うん。素直にGoogle先生に聞いてみましょう(笑) なーるほど、カリブ海のキューバの隣のイスパニョーラ島(ハイチとドミニカ共和国)のお隣の島のようですね。この島より先は、カリブの小さな島国がぽつぽつと並んでいる。そういう感じの立地条件です。

さて、プエルトリコですが、『国』ではなく、アメリカの『コモンウェルス(自治領)』の一つです。日本人に馴染み深いところでは、サイパン(北マリアナ諸島)あたりもこの分類に入るようですね。Wikipedia先生に聞いてみたところ、

  • 自治政府による内政が認められる。
  • アメリカ合衆国憲法と連邦法の適用を受ける。
  • 主権国はアメリカ合衆国。
  • 元首はアメリカ合衆国大統領。自治政府代表者は弁務官。
  • 地域的限定のある国際機関への加盟は、ワシントンD.C.が承認すれば可能。

ということになるそうです。(出典:コモンウェルス (米国自治連邦区) - Wikipedia)

ちなみに、大統領選挙の選挙権は無く、連邦議会にも発言権はあるものの投票権はない代表を送ることしか出来ませんが、その代わり所得税の負担は無く、他国からも米軍が守ってくれるということのようですね。

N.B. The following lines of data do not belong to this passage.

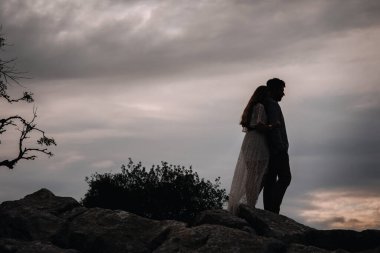Çiftler dağın tepesinde el ele tutuşup gün batımını izliyorlar.
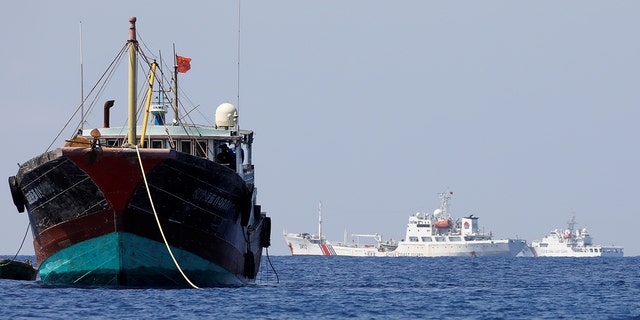 China Coast Guard vessels patrol past a Chinese fishing vessel at the disputed Scarborough Shoal, April 5, 2017.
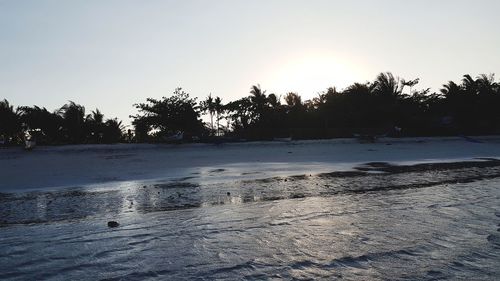 Scenic view of beach against clear sky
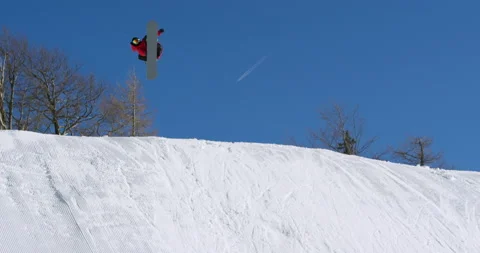 Slow Mo Of Talented Snowboarder Doing Flips In The Air Stock Footage 139746822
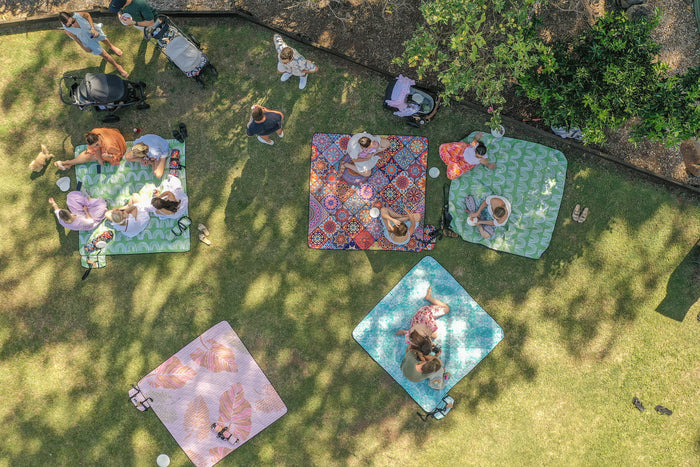 Drone aerial view of Nakie picnic blankets spread out, showcasing outdoor leisure and sustainability from above.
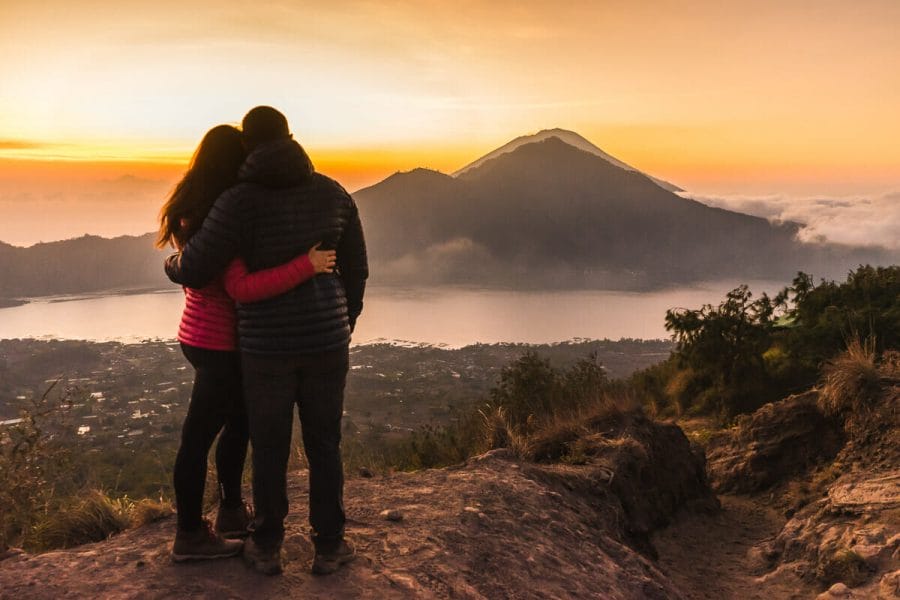 Girl and a boy watching the sunrise from Mount Batur in Bali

そんなプエルトリコがいま苦境に陥っています。厳密にはプエルトリコ政府がデフォルトしたというわけではなく、同自治領政府の公社のひとつが支払期限を迎えた5,800万ドル中63万ドルしか用意できず、残りは支払順延となったという状況です。

でも、どうしてこんなことになったのでしょう?

プエルトリコってどんな国?

 まずは、GDPの状況から見ていきましょう。御近所さんと比べてみても、中々悪くは有りません。

次に、一人あたりGDPも見ておきましょう。

カリブ海エリアで並べてみましたが、34,937ドルとダントツのトップです。ところで皆さん、話は変わりますが日本の一人あたりGDPって、世界第何位くらいかご存知です?

答えは27位で36,331ドル。G7の中では、ブービー賞です。(因みに最下位はイタリア)。だいたいプエルトリコとはそんなに差は有りませんね。

アベノミクスによる円安効果もあったのかもしれませんが、この辺の順位は覚えておいてもいいと思いますよ。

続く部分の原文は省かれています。